When Metzmaker was first brought on in 2006, the volunteer board of directors asked her to figure out how to make a convention and visitor bureau work. She started calling around to other mountain towns and asking questions.
“I knew the concept was good, but I didn’t know if it was going to work,” she recalled.
Then Whitefish Mountain Resort joined and that got others to follow. Working with the resort on joint marketing efforts has been really important, she noted.
The bureau has gone from an annual budget of about $60,000 that first year to a budget of almost $500,000. Most of the base budget comes from a 1 percent tourism promotion assessment on lodging, rental cars and restaurant purchases, along with some retail businesses paying a flat membership fee.
“We’ve been able to bring people here, get them to spend money and stay longer,” Metzmaker said.
She points to resort tax collection being up 10 percent last year, even in a down economy, along with increased bed tax collection for January to March as proof that the WCVB’s goal of bringing tourists to Whitefish is working.
“We do not promote summer because we don’t have to,” she said. “We want to increase the visitors during the shoulder seasons and make business more successful.”
Originally, Whitefish’s bed tax money went to a county convention visitor bureau until the city decided to break away. Eventually the WCVB was formed and became a separate nonprofit.
“In the end the decision was good for Whitefish because we’re so different from the rest of the county,” she said. “It’s important for us to stand alone and promote ourselves.”
Metzmaker’s first visit to Whitefish came by chance when she picked up a hitchhiker in Glacier Park who needed a ride to town. Then in 1972 she worked as a waitress at the Alpinglow Inn on the mountain.
Metzmaker returned after graduating from college and she’s been here ever since.
“This is my 41st year here,” she said. “I’m glad I’ve been able to stay and I feel fortunate to be able to give something back.”
Metzmaker previously served as executive director for The Glacier Fund and field director for Sen. Max Baucus. A former member of the Whitefish City Council, she has also served on numerous committees.
Leading the WCVB gave her a new opportunity.
“I got to know the people in this town — a lot of the business owners that I didn’t know before,” she said. “We’re lucky to have a lot of good people here.”

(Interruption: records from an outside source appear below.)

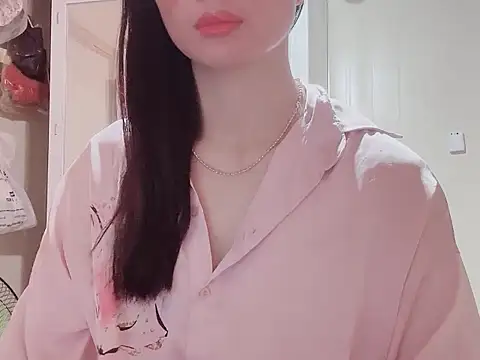 LinhChi 9x online show from 10/15/25, 01:50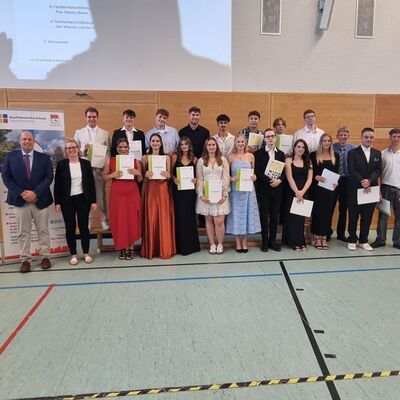 Strahlende Gesichter: Die Absolventen der Klasse BKIID1 des Berufskollegs II der Kaufm�nnischen Schule Tauberbischofsheim feiern ihren Abschluss.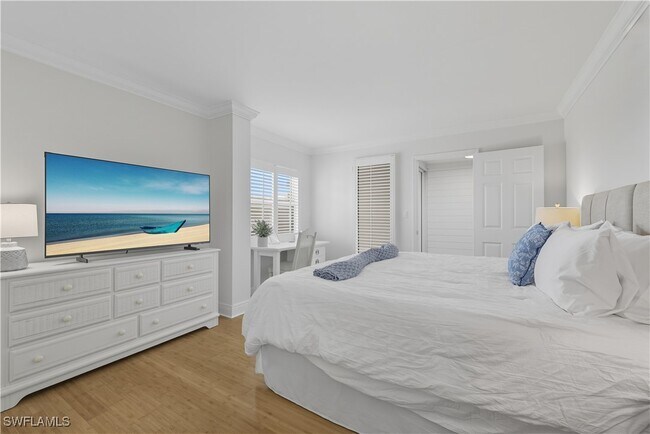 Building Photo - 3443 Gulf Shore Blvd N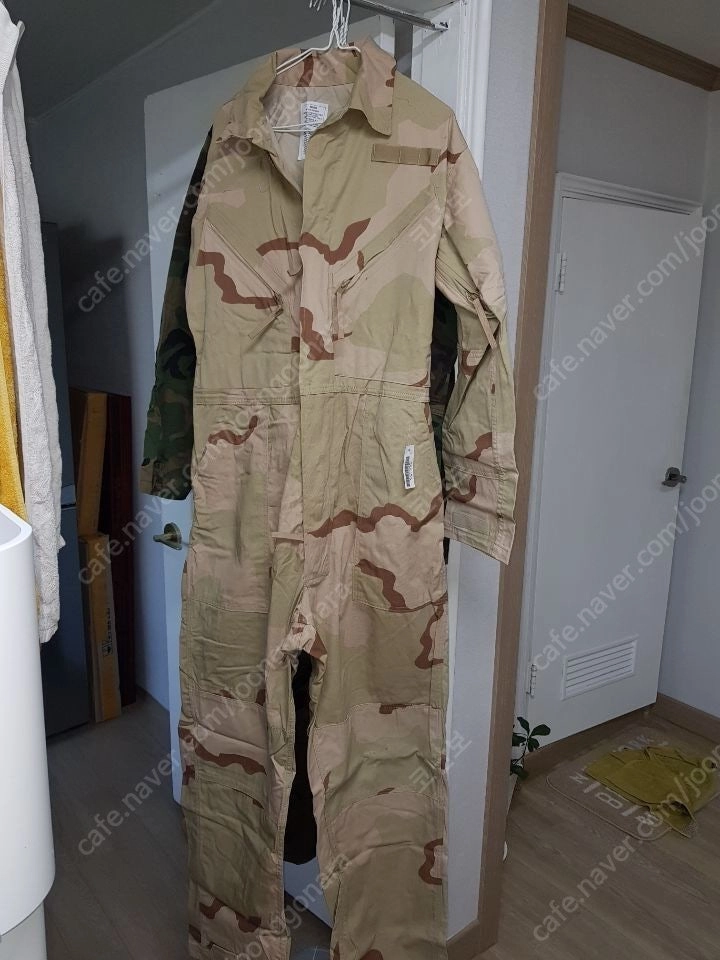 미군 기갑병 /공군 /사막삼색 커버올 이미지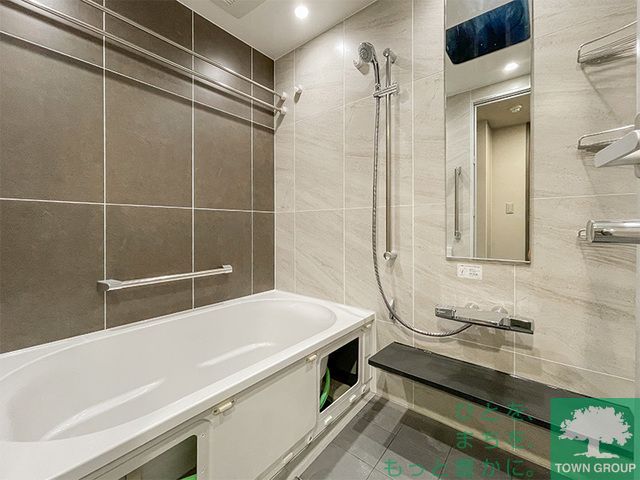 バス・シャワールーム　※写真は同タイプ住戸です。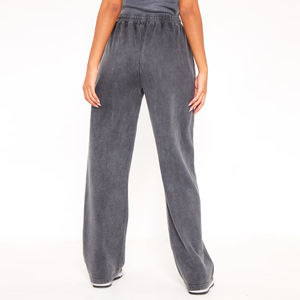 Ensemble de survêtement élégant pour femmes avec un haut court assorti et un pantalon de jogging évasé, nouvelle mode d'automne et d'hiver pour femmes, joggings - Product Image 5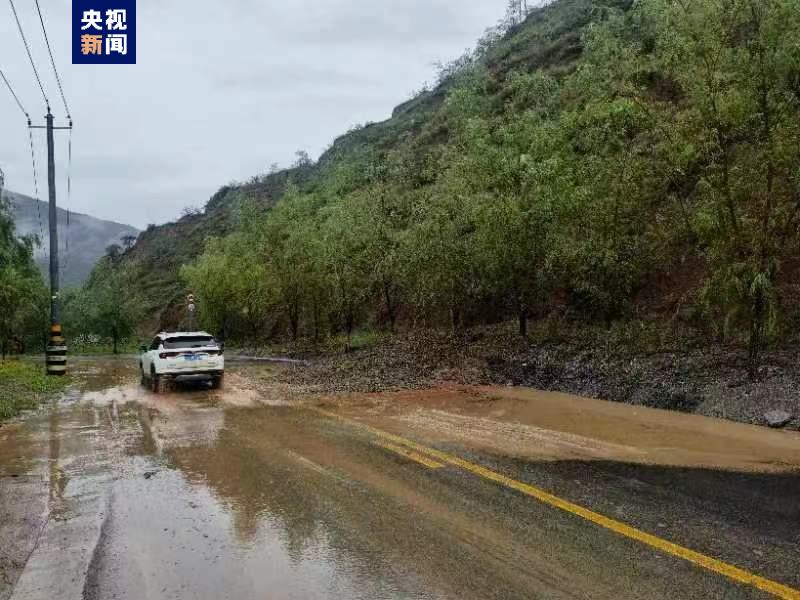 甘肃陇南礼县发生泥石流 国道247线半幅阻断正在抢修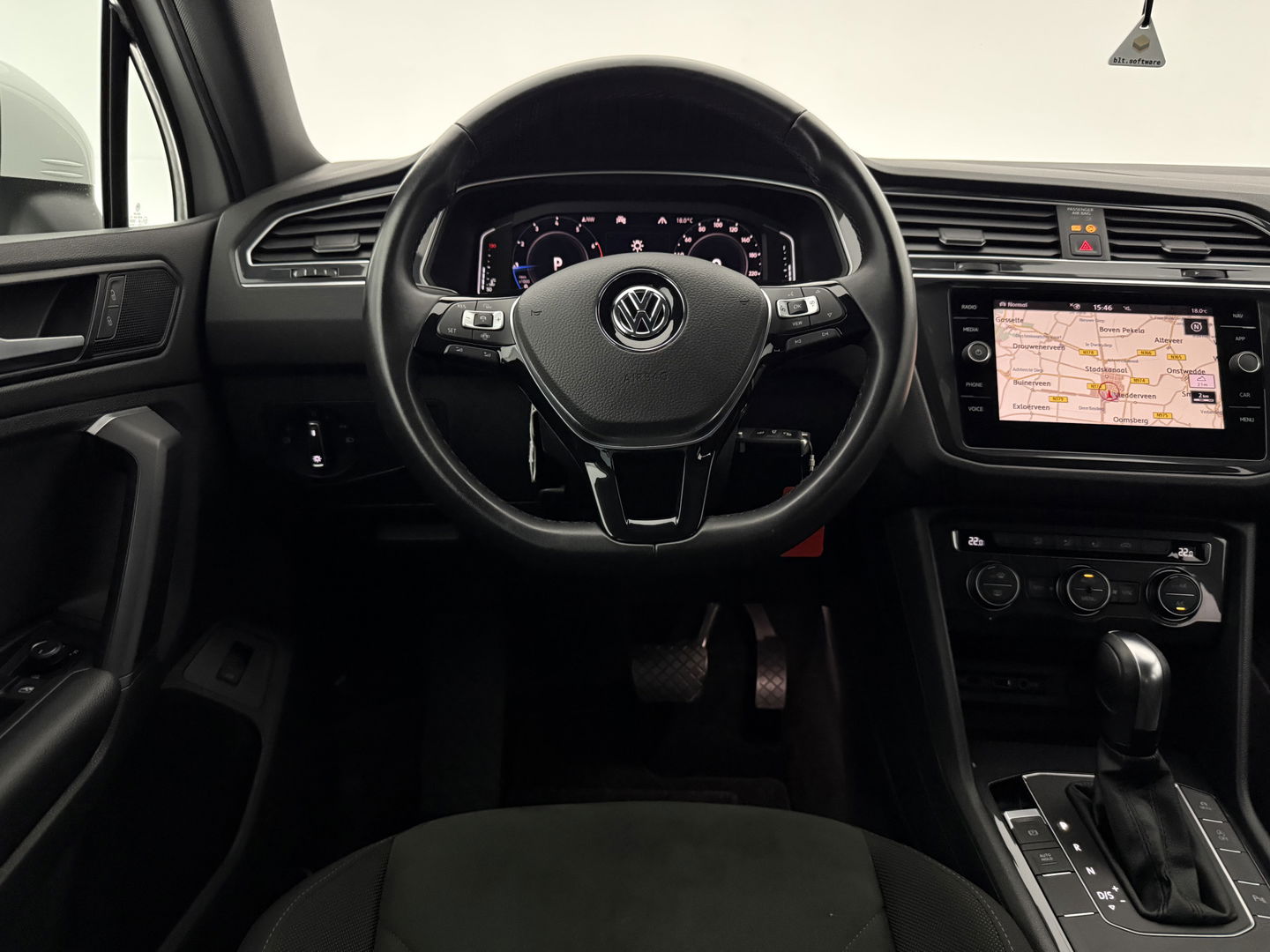 Volkswagen Tiguan 1.5 TSI ACT 150PK R-line | Virtual | Carplay | Trekh. | Adaptive Cruise | LED | Parkeersens.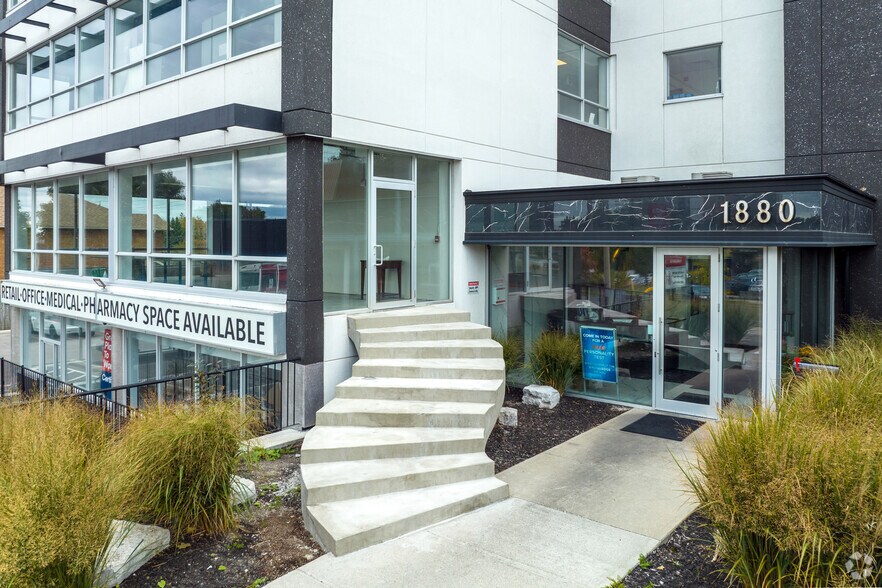 1880 O'Connor Dr, Toronto, ON à vendre - Photo du bâtiment - Image 3 de 4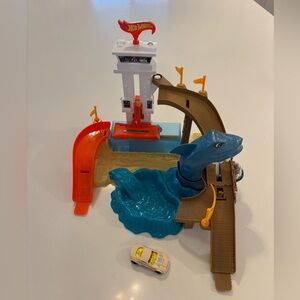 Hot Wheels Color Shifters Sharkport Showdown Play Set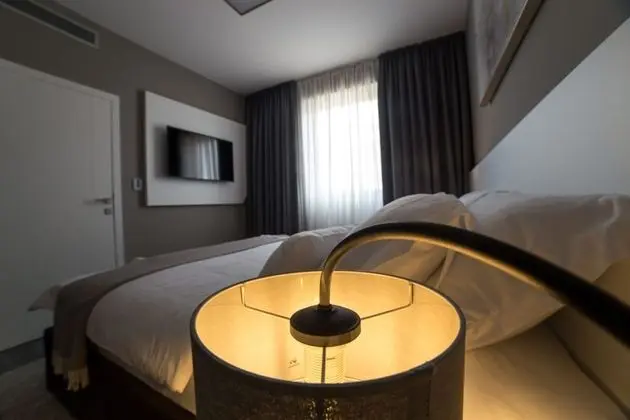 Junior Süit, Bahçe Manzaralı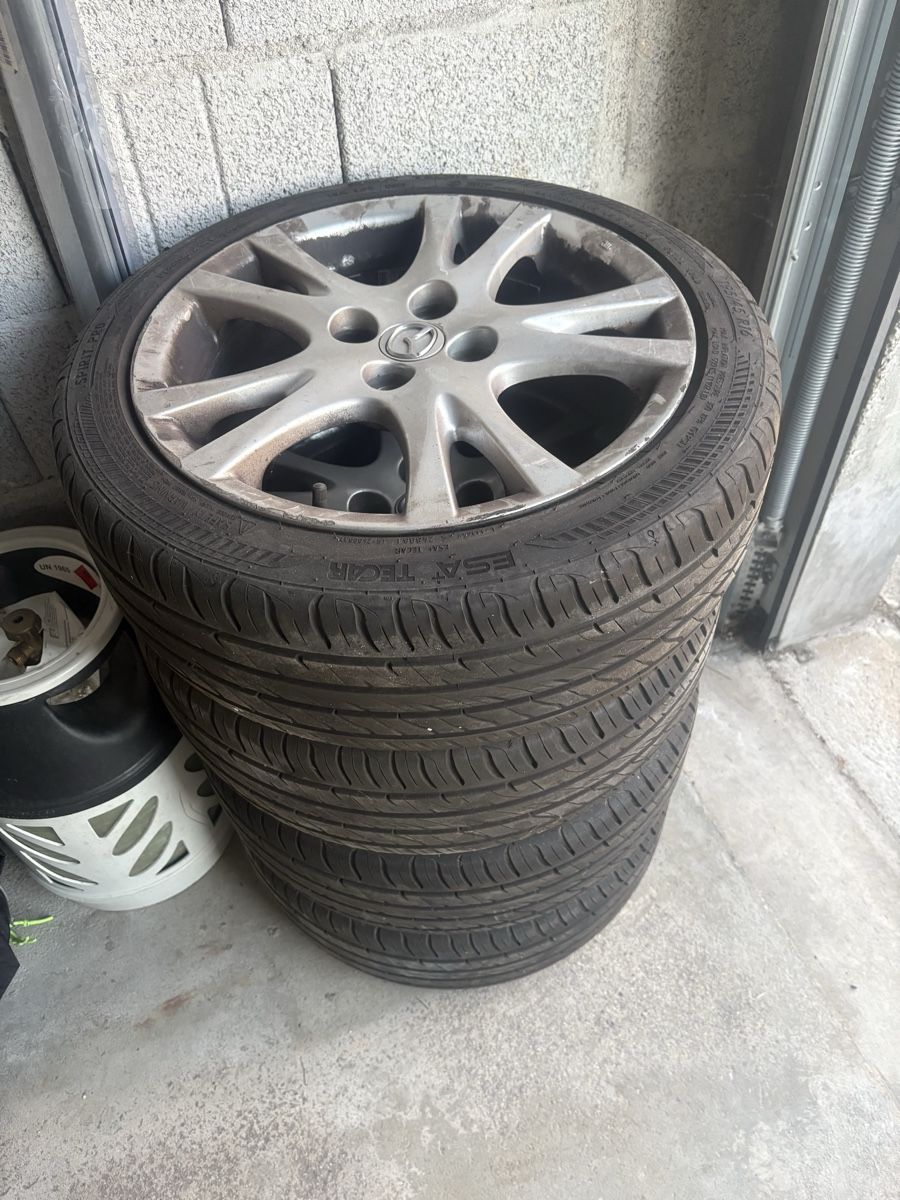 : 4 x roues Mazda 2 – D'occasion à Tramelan par tl2_ztn6 3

The WCVB has grown and changed in the way it reaches out to potential visitors. It’s website has been created as a user-friendly way to learn about what Whitefish has to offer and a free app that assists visitors in finding information about local restaurants, shopping, parks and trails once they’re here. The Montana Office of Tourism often uses Whitefish’s website as an example of good promotion, she noted.
“When we started out, we were just putting ads in magazines,” Metzmaker said. “We still do some magazine ads, but now everything is online.”
Looking back over her time spent growing the WCVB, Metzmaker said she’s most proud of the travel lists that have included Whitefish. Among the designations, Budget Travel Magazine selected Whitefish as one of its 10 Coolest Small Towns in America in 2009 and National Geographic picked the Whitefish Winter Carnival as one of its top-10 winter carnivals in the world.
“Those only happened because of the buzz we created to get Whitefish noticed,” she said.
Metzmaker isn’t sure what she might do next with her life, but says she’s got a new pair of skis waiting.